* _WORK TO BE COMPLETED_
Pictures stay out of the copy. Retype exactly the lines below from the one with "квартира по адресу Регенераторная ул., 4 к5" through the one with "adidas Arsenal Pre-Match".

* _DATA RECORDS_
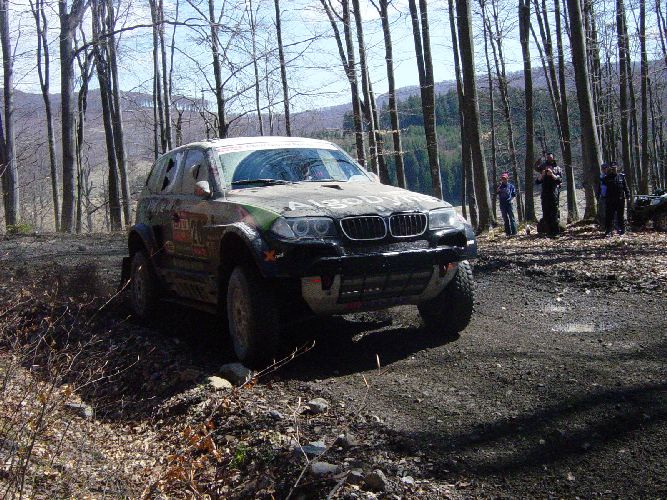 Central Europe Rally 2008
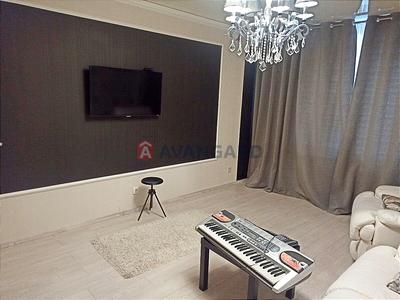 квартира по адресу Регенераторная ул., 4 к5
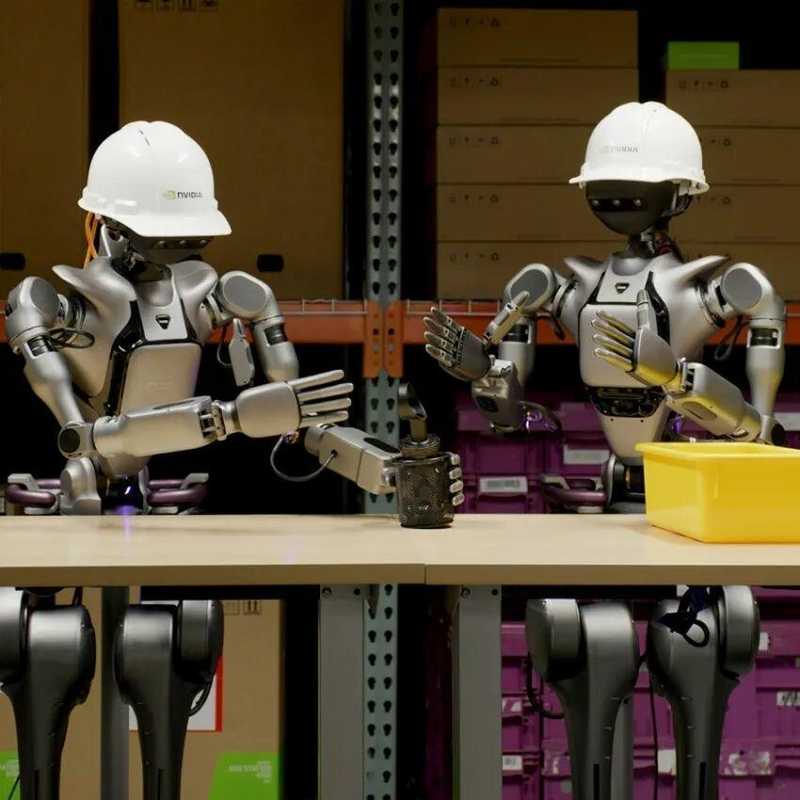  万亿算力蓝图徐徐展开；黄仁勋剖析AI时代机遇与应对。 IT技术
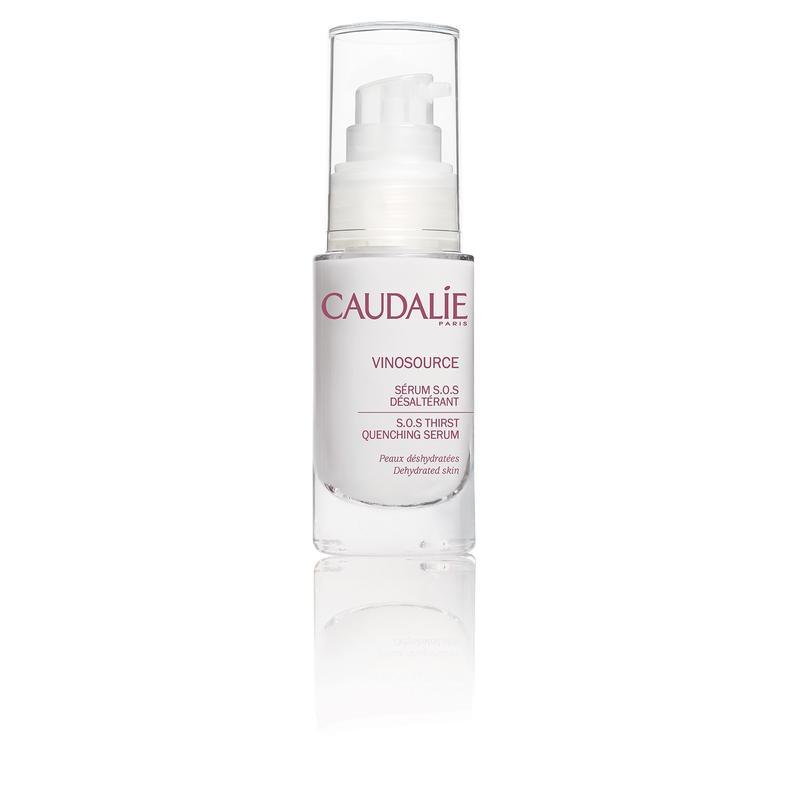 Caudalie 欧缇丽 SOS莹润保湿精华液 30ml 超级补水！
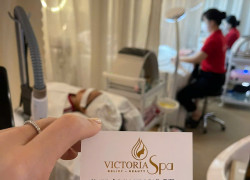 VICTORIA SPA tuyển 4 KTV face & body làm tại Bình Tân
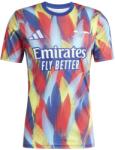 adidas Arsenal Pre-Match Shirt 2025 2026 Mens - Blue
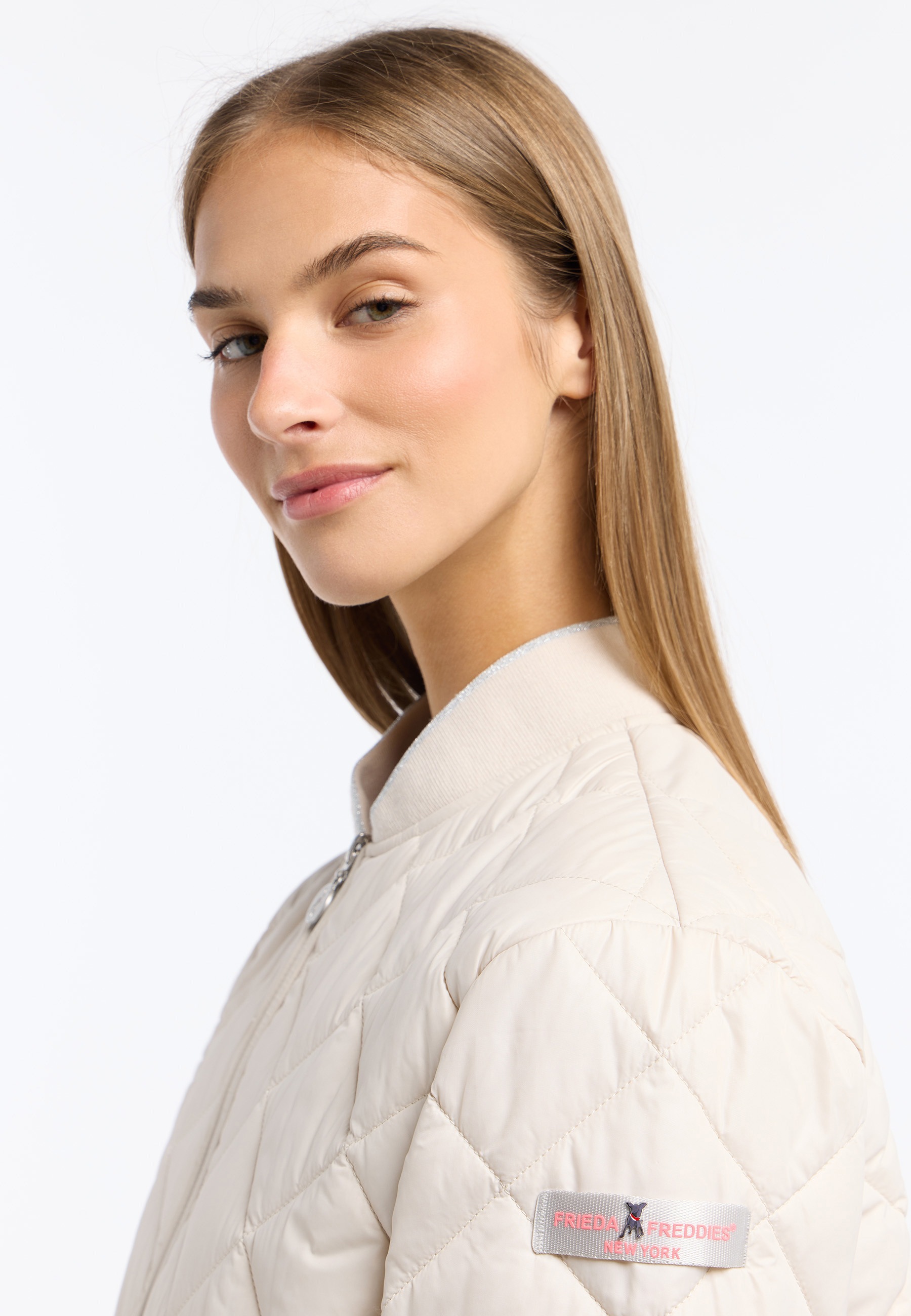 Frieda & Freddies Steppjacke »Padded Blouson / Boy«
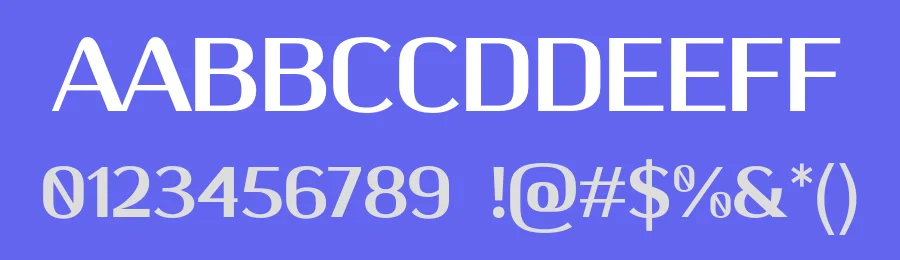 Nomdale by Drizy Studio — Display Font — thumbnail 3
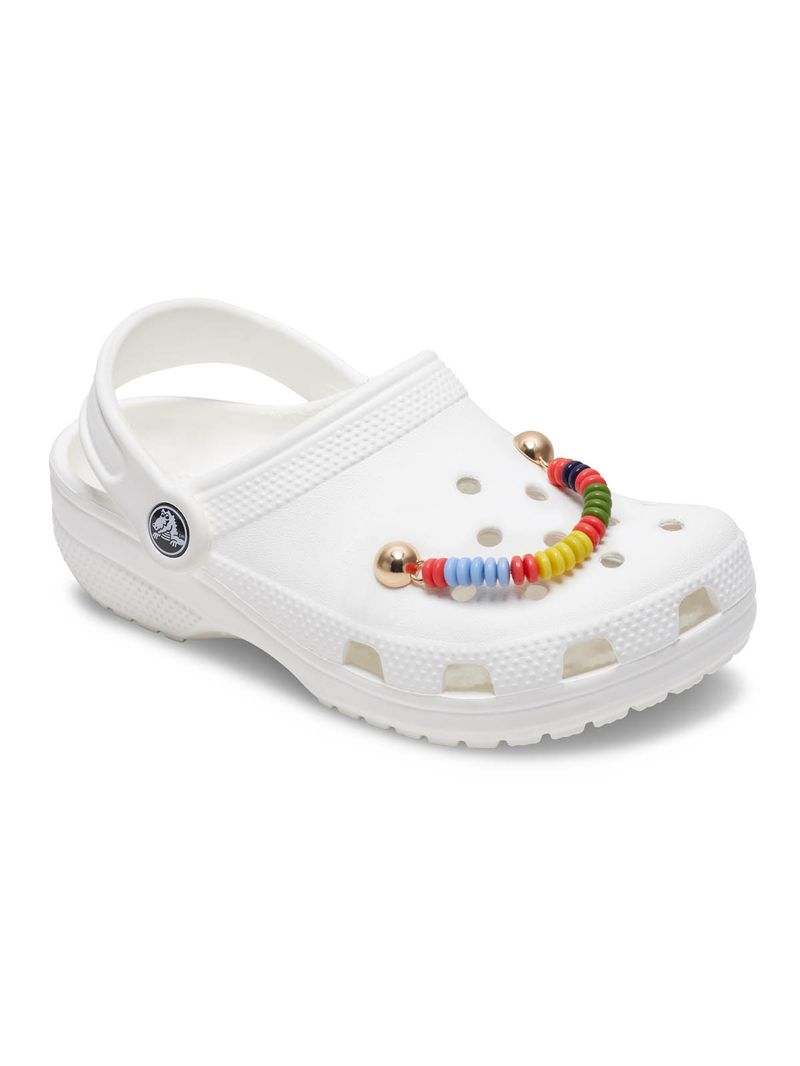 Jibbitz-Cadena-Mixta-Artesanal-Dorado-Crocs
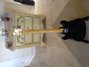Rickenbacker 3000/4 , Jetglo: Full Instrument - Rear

* _REPLY_
 квартира по адресу Регенераторная ул., 4 к5
  万亿算力蓝图徐徐展开；黄仁勋剖析AI时代机遇与应对。 IT技术
 Caudalie 欧缇丽 SOS莹润保湿精华液 30ml 超级补水！
 VICTORIA SPA tuyển 4 KTV face & body làm tại Bình Tân
 adidas Arsenal Pre-Match Shirt 2025 2026 Mens - Blue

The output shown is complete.